Before the release of their fourth album, Forgiveness is Yours, we talked in Paris with Lias Saoudi, from Fat White Family.


SOB : You said this new album, Forgiveness is Yours, is the most complicated, the most creative one. Can you explain why? 

Lias : Physically and mentally, I was just really in a personal hell. Obviously, it’s a group of misfits and delinquents and neuro divergents, so it was never going to be smooth sailing. And it was very sad, I think… but as you get a bit older, the cracks start to show. So that was kind of hellish, people behave with each other really badly. It’s like a horrible four way, five way, six way marriage. Who really wants that ? Yeah, drugs and mental illness made it difficult, almost impossible. 

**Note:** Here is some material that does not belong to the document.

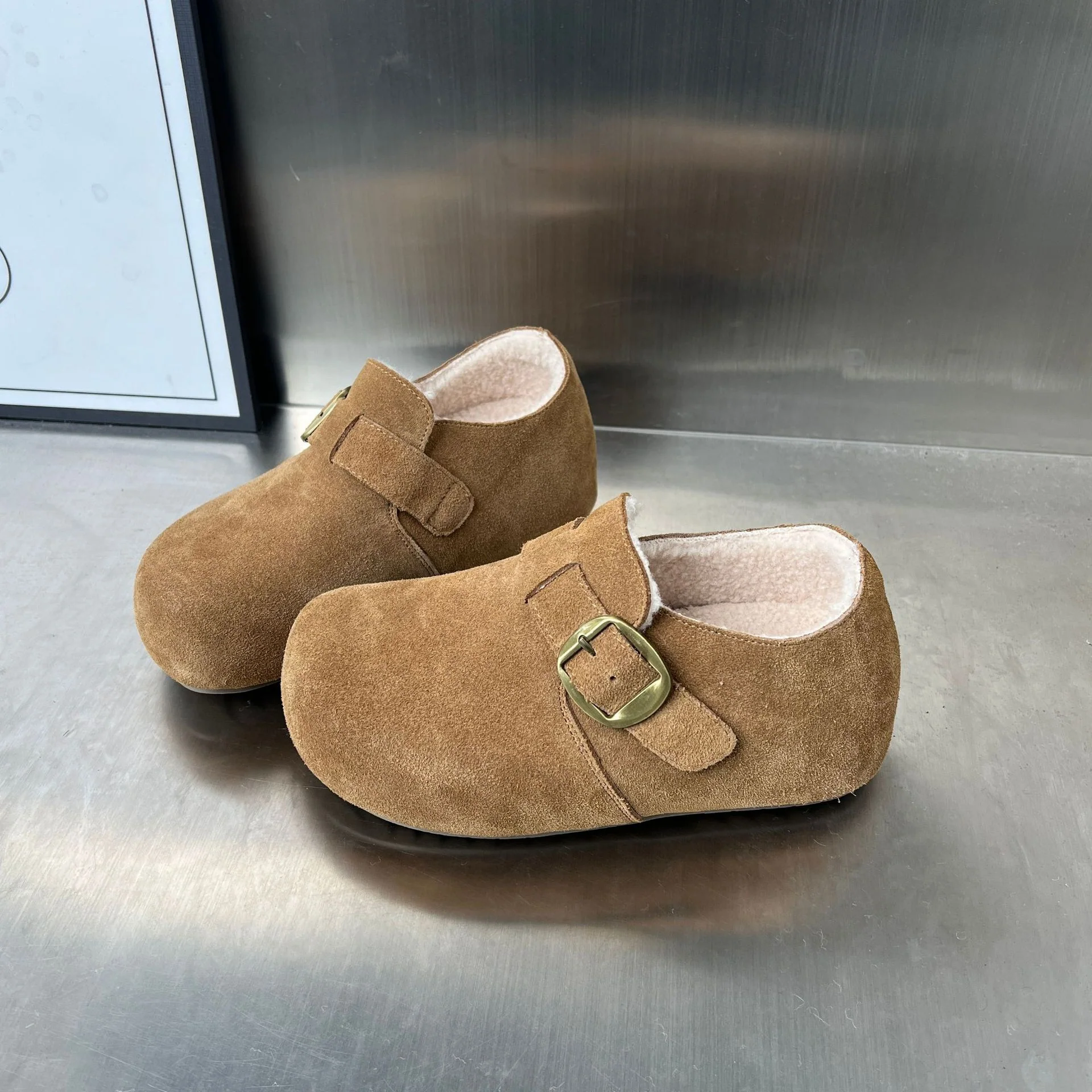 Damen Komfortable Wildleder-Clogs mit luxuriösem Fleece-Innenfutter und modischer Schnallenverzierung Heidi Mode - Image 4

SOB : Did you write it on your own this time? 

No, I wrote most of it with my brother Nathan, with Adam Harbor, the guitar player… With Alex White… Also I think with a guy called Nick HeartSaul was involved in the early stages, but he left.

SOB : For Bullet of Dignity’s videoclip, you used artificial intelligence, can you explain why? 

It was just that we might as well fuck around with that because we can. So let’s mix real backgrounds and artificial backgrounds, it’s just another toy that you could play with, to make art with I guess. Nothing philosophical to speak of.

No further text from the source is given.